Everything from the line containing "Drag Link Tie" through the final line of the entries must be repeated exactly, and only that, without pictures.

------ Task data

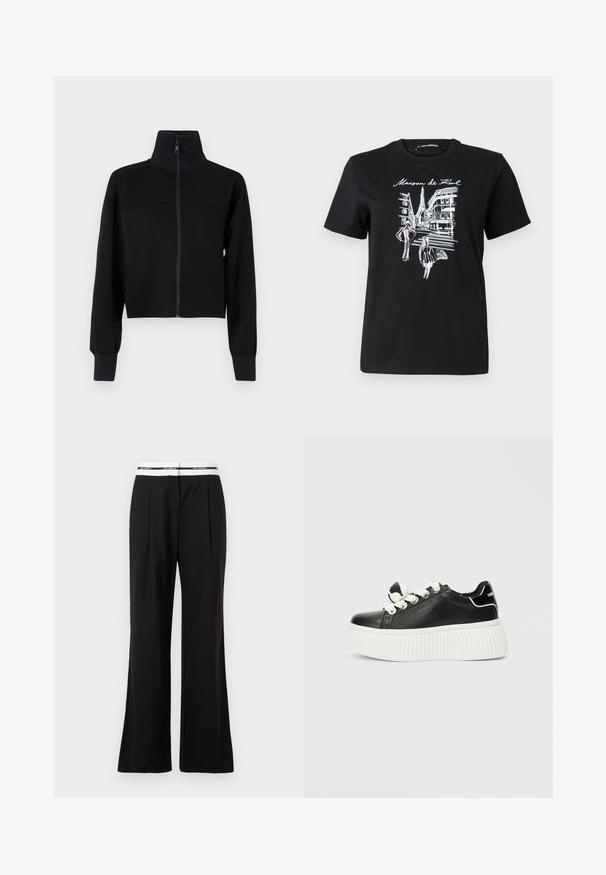 Svart cropped zip-jakke i mykt stoff. Har høy krage og lange ermer med ribbestrikkede mansjetter. Sømdetalj over brystet.; Svart bomull t-skjorte med grafisk design av parisiske gater med et tårn, aksentert med rosa og hvit linjekunst. Rund hals.; Sorte bukser med avslappet passform, med hvit elastisk midjebånd med merkevare. Laget av glatts materiale med en lett glans.; Svart lær sneaker med en tykk hvit ribbesol, som har hvite skolisser og en dekorativ sløyfeaccent på tungen.
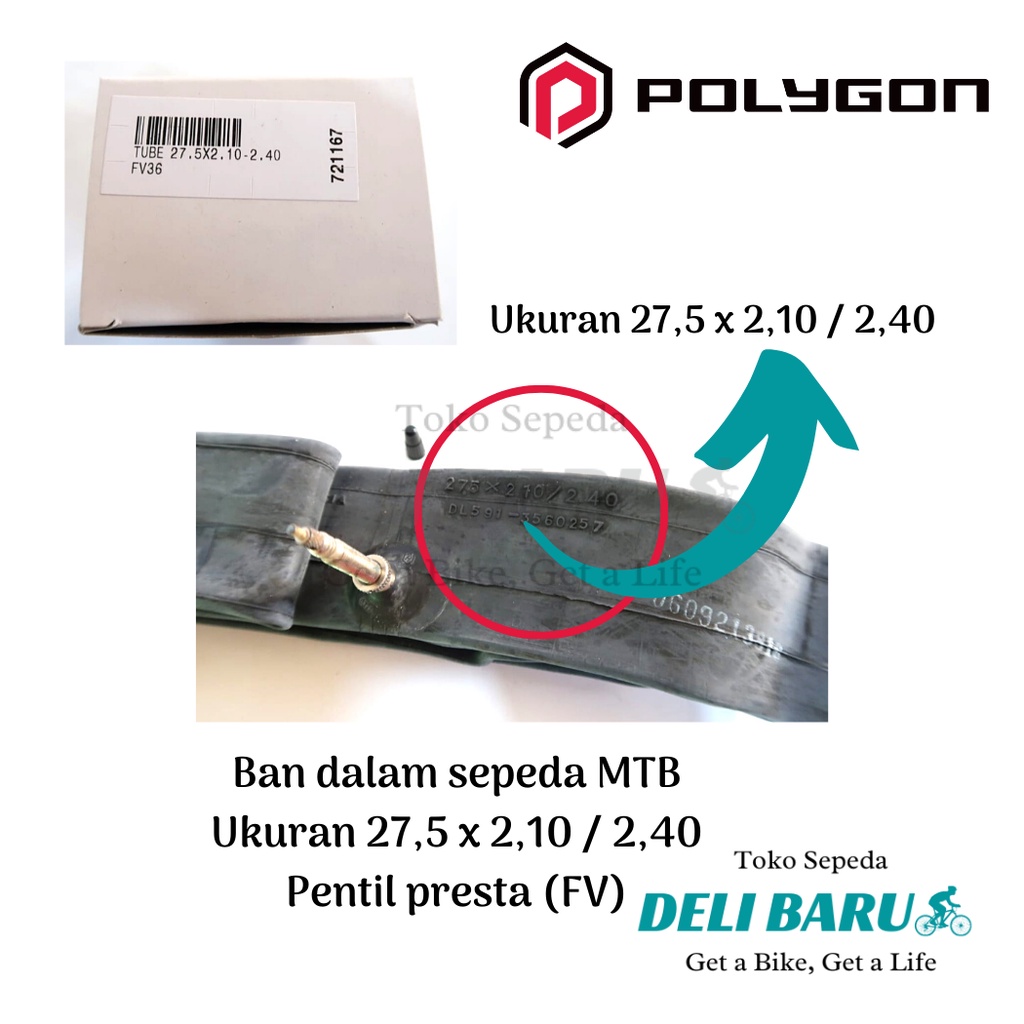 Polygon Ban dalam 27.5 x 2.10 / 2.40 pentil presta FV 36 mm sepeda MTB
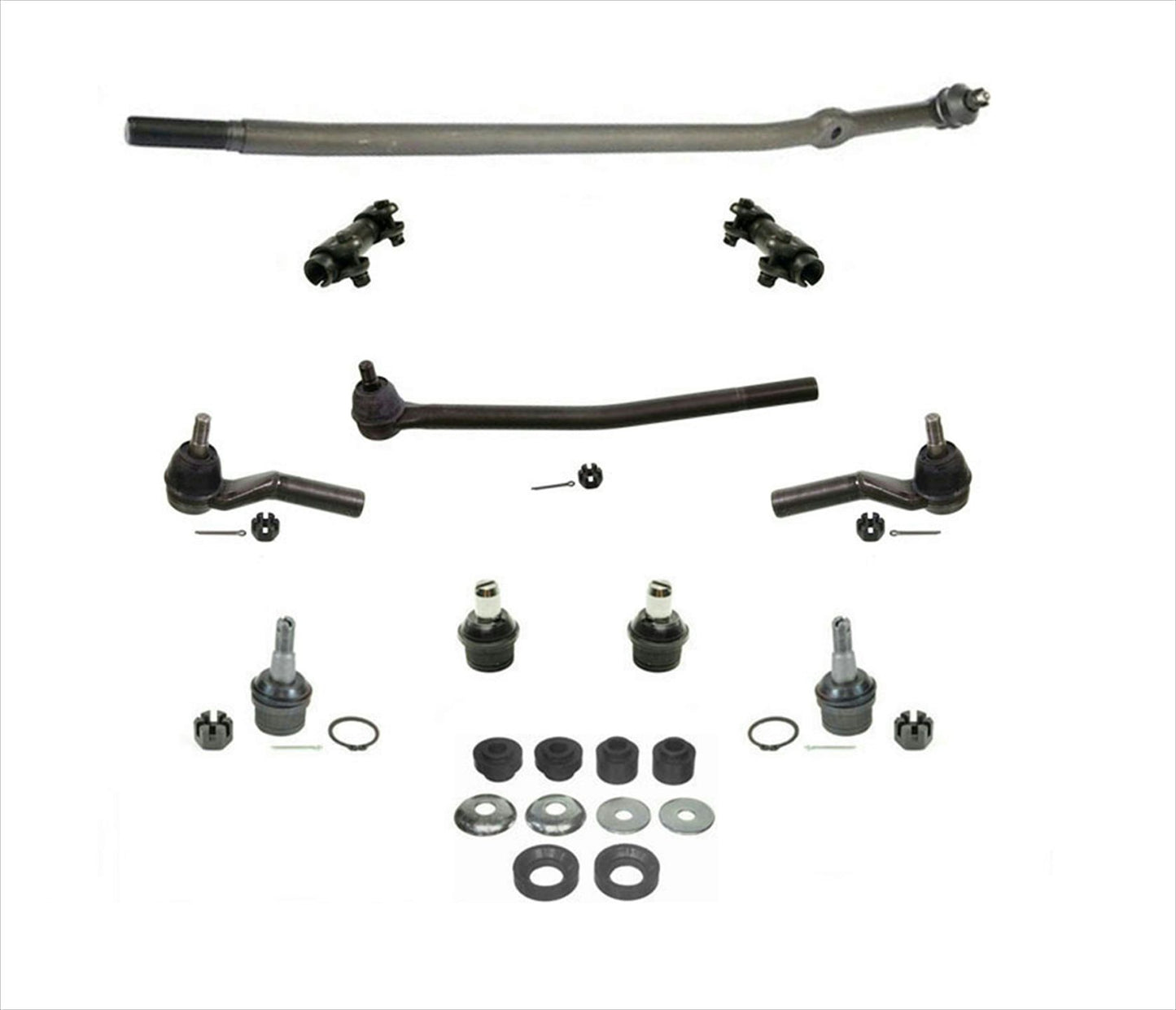 Drag Link Tie Rod Kit Ball Joints Bushings 11Pc Kit For Ford E150 Van 2007
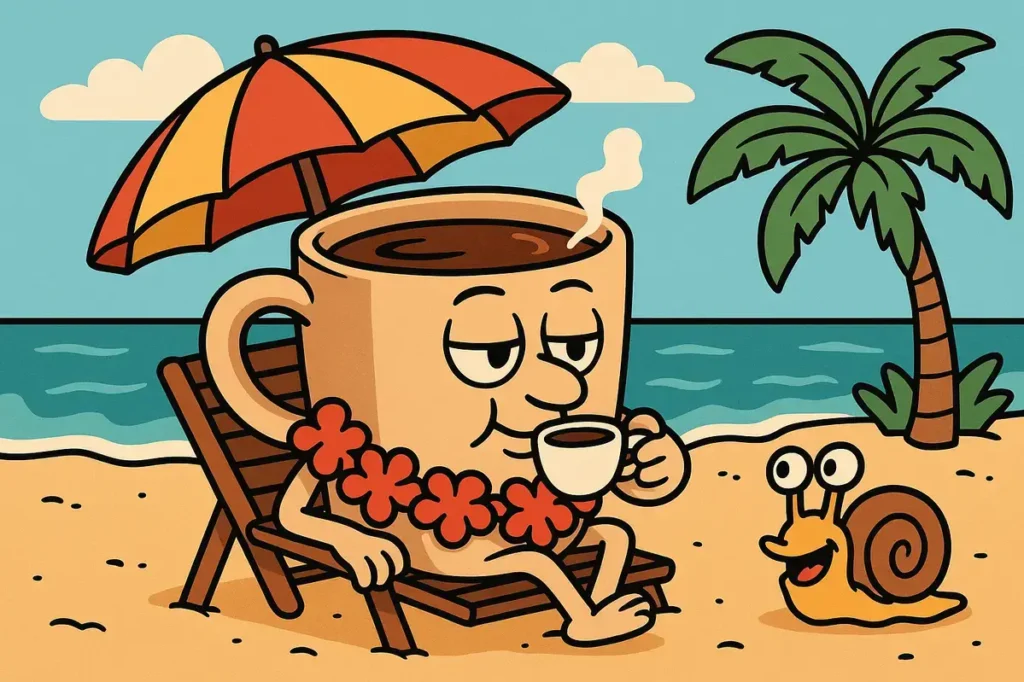 Coffee brewed with extra island patience.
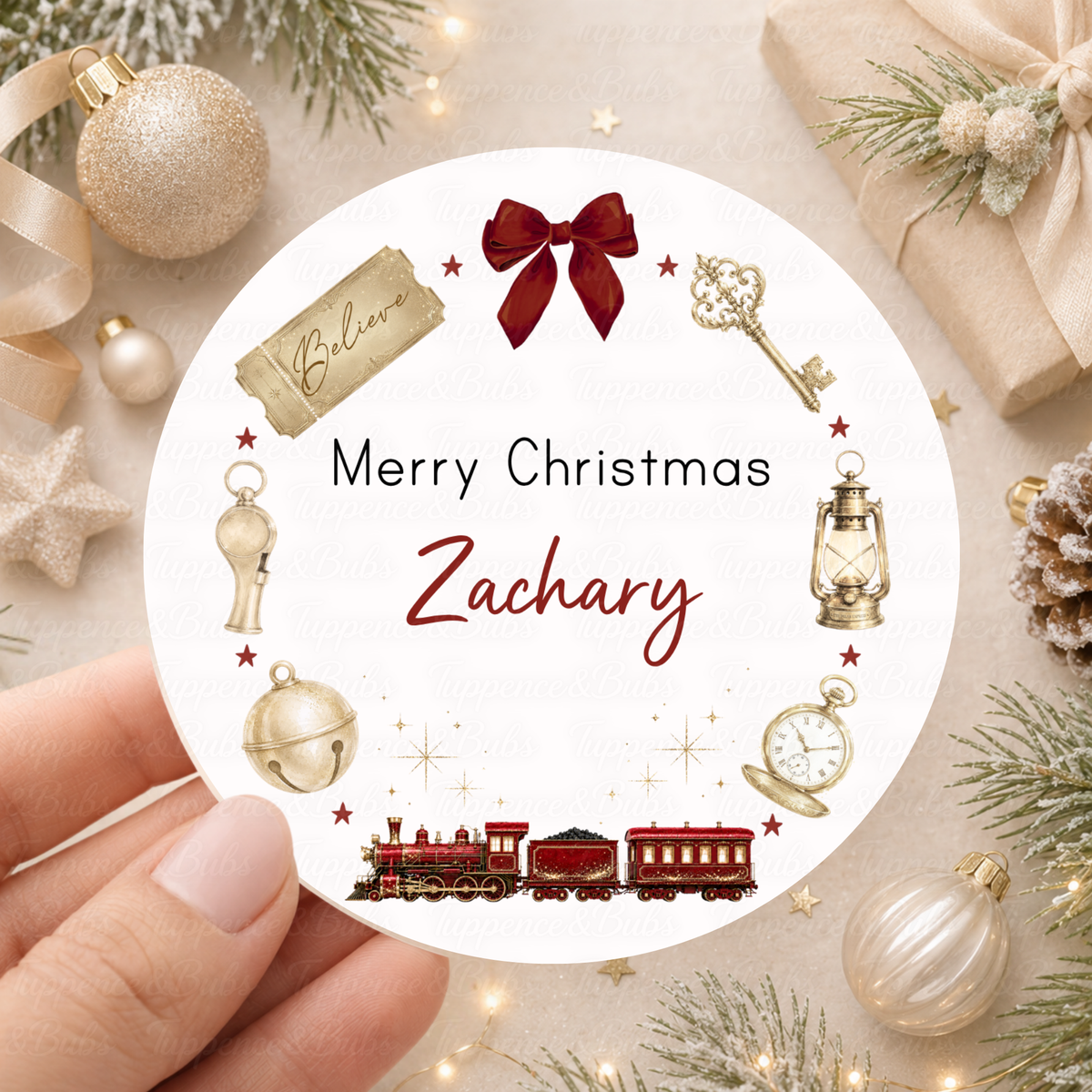 Personalised Christmas Train & Believe Stickers – Six Colours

------------

#### Output
 Drag Link Tie Rod Kit Ball Joints Bushings 11Pc Kit For Ford E150 Van 2007
 Coffee brewed with extra island patience.
 Personalised Christmas Train & Believe Stickers – Six Colours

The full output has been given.